*Task item:* What is needed is the exact text of each line in the listing below from the one with "Decorative wall art" up to and including the one with "Sakroots Cream Wallet", and no pictures.

*Extracted material:*
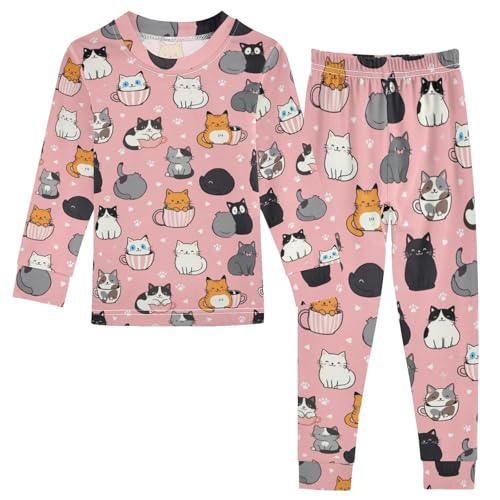 Pigsaly Pajama Set 2 Piece Cartoon Pink Animals Cute Cat Heart Pajama Sets Long Sleeve Pjs Sleepwear 5Y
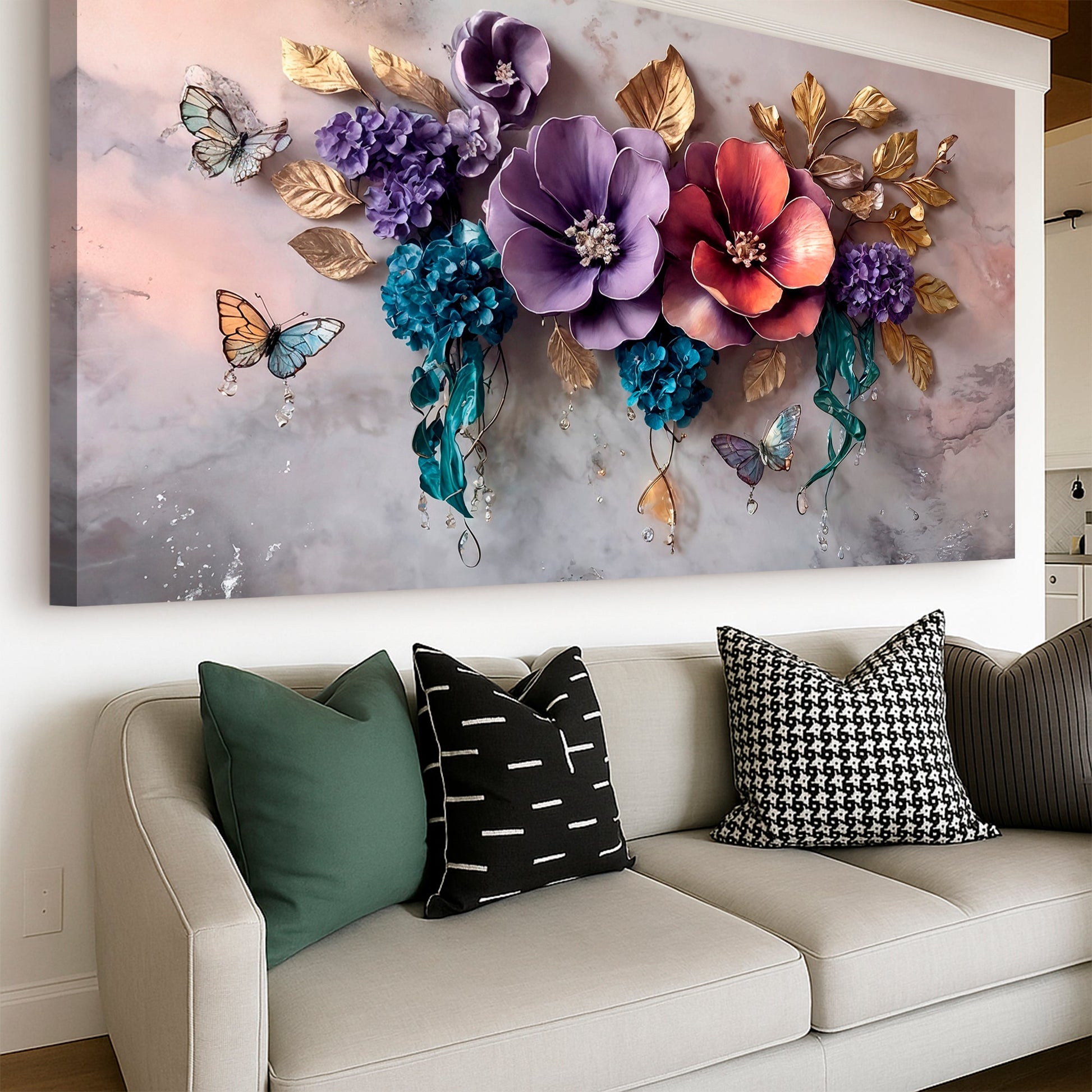 Decorative wall art with flowers and butterflies above a sofa with patterned cushions.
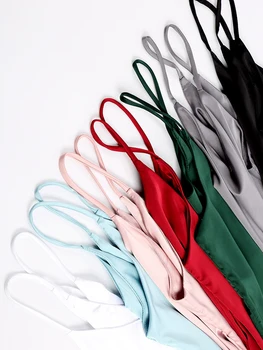 Top à bretelles Spaghetti pour femmes, col en V, caraco blanc de base sans manches, Satin soie débardeurs femmes été 2024 Camisole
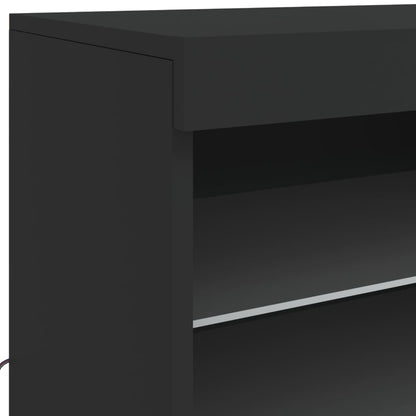 Credenza Con Luci Led Nera 60,5X37X67 Cm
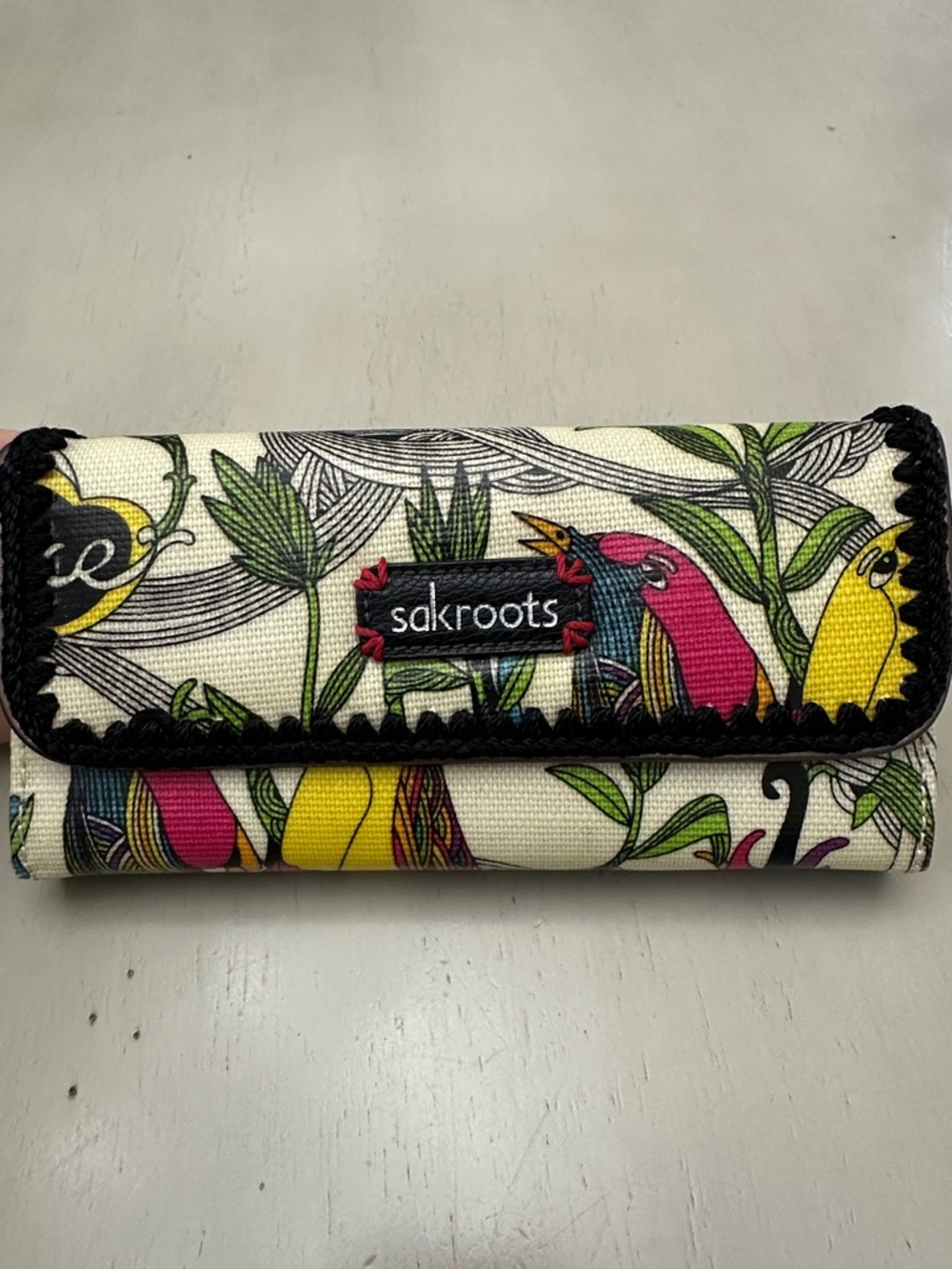 Sakroots Cream Wallet with Pink Yellow and Green Bird Print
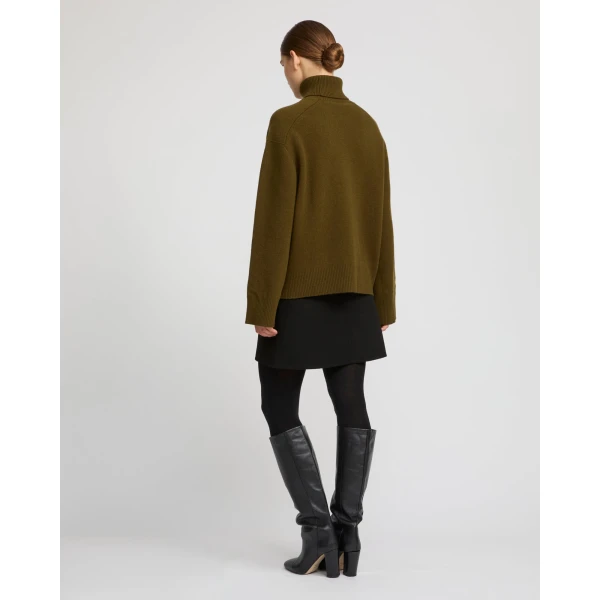 Yves Salomon Knitted Turtleneck Sweater in Khaki | Turtlenecks | Coveti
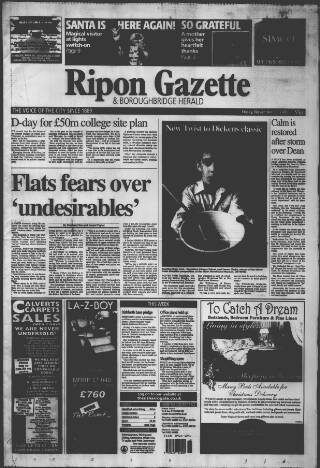cover page of Ripon Gazette published on November 30, 2001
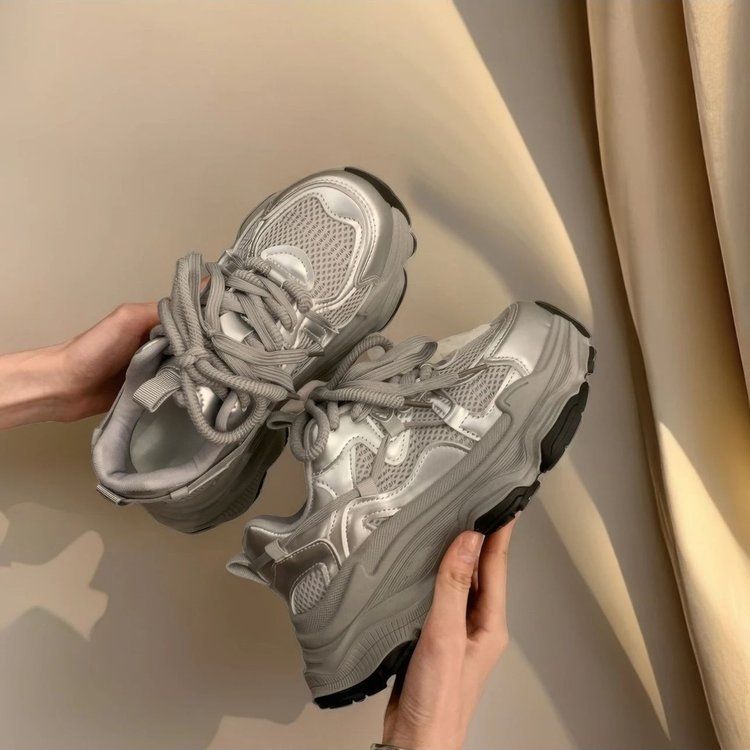 Damskie buty typu dad shoes z grubą podeszwą na platformie, lato 2024, nowy styl, podwyższające, oddychające, siateczkowe, casualowe trampki_voghion.com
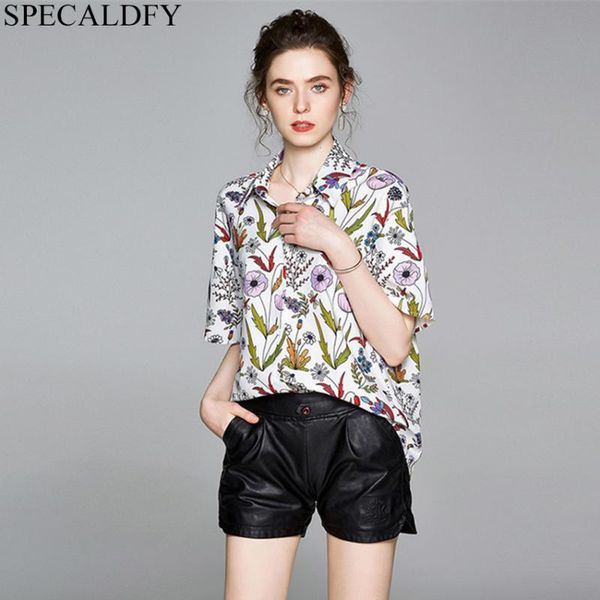 

women's blouses & shirts summer women short sleeve print plus size blouse ladies desigber runway blusas mujer de moda 2021, White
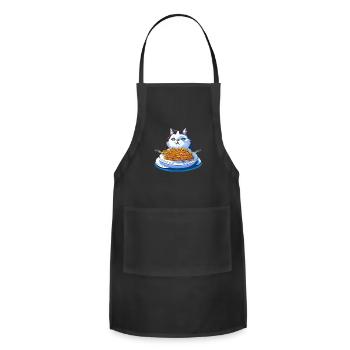 Chubby Cat Eat Spaghetti - Adjustable Apron - black - Front - Julia (174cm)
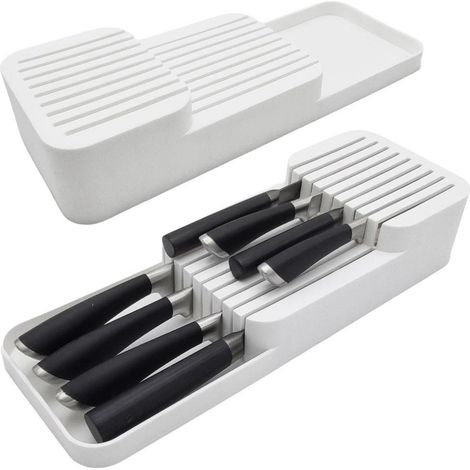 Organizzatore per coltelli da cassetto, bianco, 39x14,5x7,5 cm (1/5)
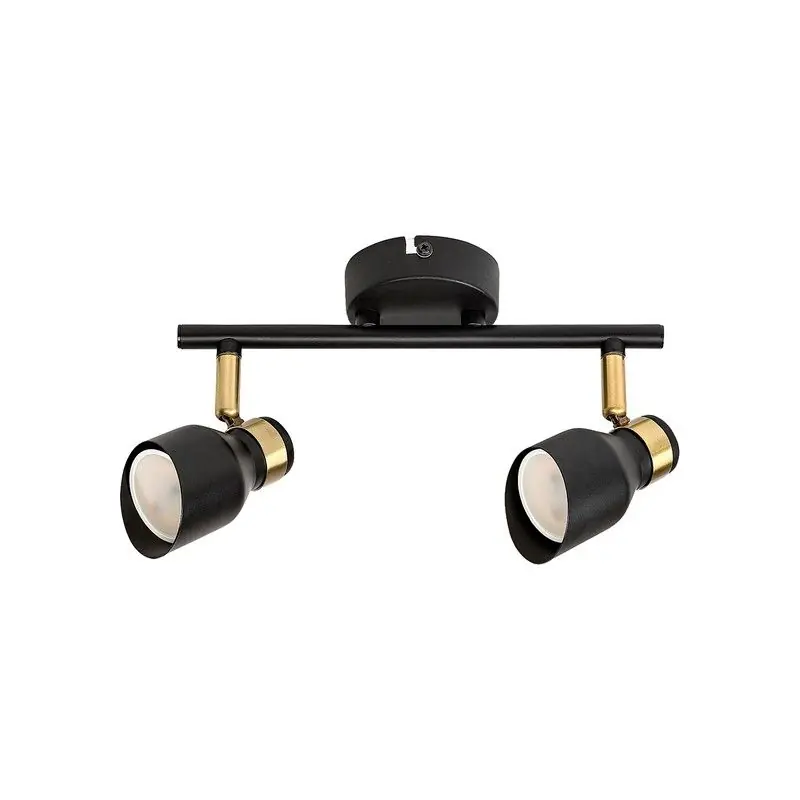 Applique murale Rabalux Lilou 2 lumières noir/doré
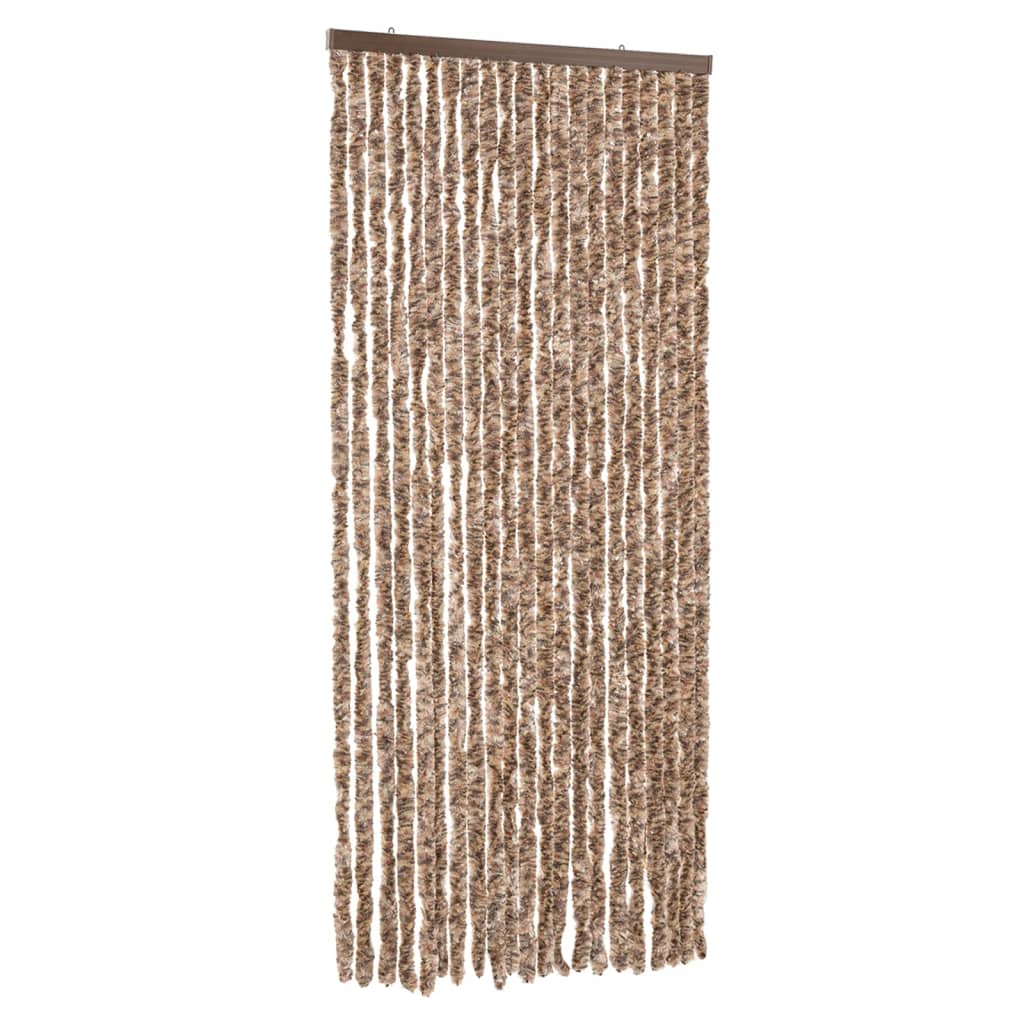 flueforhæng 90x200 cm chenille beige og mørkebrun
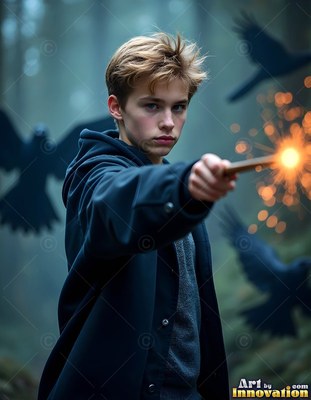 A young man points a wand in a foggy forest with bright yellow sparks
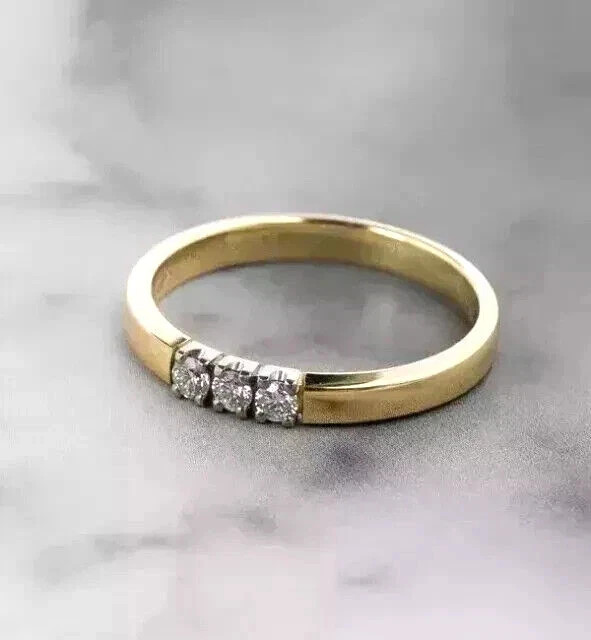 Simulated 2.50Ct Round Cut Wedding Band Ring 14k Yellow Gold Plated silver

*Response area:*
 Decorative wall art with flowers and butterflies above a sofa with patterned cushions.
 Top à bretelles Spaghetti pour femmes, col en V, caraco blanc de base sans manches, Satin soie débardeurs femmes été 2024 Camisole
 Credenza Con Luci Led Nera 60,5X37X67 Cm
 Sakroots Cream Wallet with Pink Yellow and Green Bird Print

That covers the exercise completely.